These are important questions, regardless of whether they’re applied to this particular map or any other one. The issue in this case, however, seems to be that the answers to some of these questions conflict with one another, or with the ways the project is itself described. The detail that seems to be valued here is of the “every tweet ever” variety, or, put simply “more = better”, the fetish for bigger data at the expense of all else.

But more data isn’t necessarily better, and it certainly doesn’t mean that there’s more detail, especially when the only bit of detail you're concerned with in each of these six billion points is the latitude and longitude coordinates. Each of these individual tweets contains a wealth of other interesting information, from information about the user and the way they describe themselves, to the time the tweet was created to the text of the tweet itself, which might contain hashtags that link up with bigger conversations, or @-mentions to other Twitter users that might be used to understand social networks and interactions. All of these bits of information represent a kind of detail that is not included in this, the most detailed tweet map ever

As we’ve been arguing for the past two years or so, there are a range of social and spatial processes represented in geotagged tweets that we can’t get at if all we’re concerned with is the latitude and longitude coordinates. So to say that this represents the most detailed tweet map ever serves to reify what we see as two of the most problematic assumptions of contemporary big data/social media research: (1) that more data is equivalent to better data, and (2) that the only important aspect of the data is the geographic coordinates attached to it. There's lots of interesting stuff that can be done with this kind of data, and we can do better than simply plotting points on a map and calling it a day [1]
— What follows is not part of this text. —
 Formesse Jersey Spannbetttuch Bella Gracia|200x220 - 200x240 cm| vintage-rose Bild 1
Even if one were inclined to accept the argument that more tweets equals more detail, how should we interpret the fact that this map only visualizes about 9% of all geotagged tweets, due to the design decisions necessary in order to make the map nice and pretty [2]? Due to the existence of exact or near-duplicate coordinates that would make points indistinguishable from one another, this, the most detailed tweet map ever, actually eliminates about 91% of the detail that it seems to value most (i.e., the presence or absence of points on the map). The Gizmodo headline about the map reads, “The Most Detailed Tweet Map Ever Includes 6,341,973,478 Tweets”... except that, you know, it doesn’t [3].
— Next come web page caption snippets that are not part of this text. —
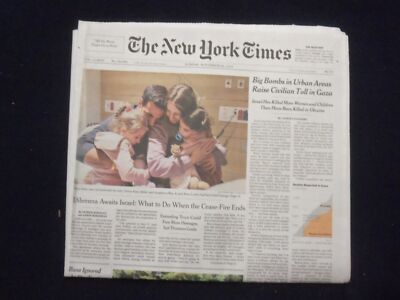 2023 NOVEMBER 26 NEW YORK TIMES-BOMBS IN URBAN AREAS RAISE CHILDREN TOLL IN GAZA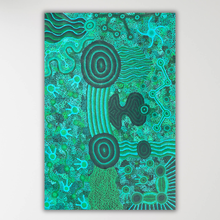 Load image into Gallery viewer, vertical placement of "Mamungari-nya" Renae Nakamarra Nelson 113cm x 75cm
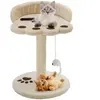 vidaXL Arbre à chat avec griffoir en sisal 40 cm Beige et Marron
Of course, there’s also good bit of imprecision in the locational accuracy associated with geotagged tweeting; our iPhones don’t come with military grade GPS units installed in them. So while Mapbox CEO Eric Gunderson was marveling at the detailed micro-geographies of an airport gate seen in the map, he was ignoring both the fact that all of those folks on the jet bridge could just have well been 40 feet away, and that a number of tweets might have been eliminated from the initial dataset due to a lack of precision in the geotagging process. Take all of that together and a lot of the detail that’s being celebrated here starts to give way to fuzziness. This map is more art than science, though the striking visuals and discursive framing give the illusion of precision and absolute insight. 

To be clear, there’s no problem with fuzziness. It’s something we all live with every day, it’s something we academics may embrace from time to time through the use of overly obtuse language. But taking all of this fuzziness and then repackaging it as the most detailed tweet map ever, comes off a bit wrong to us. These initial misgivings were only amplified when brought down to a more local level, when we saw a post from a local urbanist blog in Louisville wondering “What we can learn from where people in Louisville are using Twitter”. While relatively mundane, and certainly not nearly as celebratory, the blog’s ultimate conclusion was that "These locations [with the highest concentrations of tweets] make sense as they are places where people gather and are often held captive by events.”
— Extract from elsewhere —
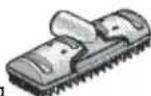 DOMENA NVT200 - Petite brosse triangulaire - 1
This, in general, is true, but also a bit… how do we put it? Meh. More fundamentally, people tweet where people are. It comes as no surprise to anyone with even the vaguest familiarity with Louisville that people tweet in larger numbers from downtown (including 4th Street Live!), the University of Louisville campus, Bardstown Road and the St. Matthews / Oxmoor Mall area than anywhere else in the city. These are (some of) the primary gathering points on a day-to-day basis within the city.

But just identifying these locations doesn’t really help us to ‘learn’ anything beyond the fact that those are, indeed, the places with the highest concentrations of geotagged tweets in Louisville [4]. In fact, the map doesn’t even really show us actual concentrations of tweeting activity, but rather concentrations of unique tweeting locations. Take, say, two hypothetical city squares, one of just 50 x 50 meters, and another much larger one of 500 x 500 meters, both the originating point of one million geotagged tweets spread randomly over the squares. In Fischer’s method, these two squares would not 'glow' in equal amounts, but rather the larger square would show up as much more visually prominent because it has many more unique tweeting locations while many of the tweets from the smaller square would be filtered out due to a duplication of coordinates.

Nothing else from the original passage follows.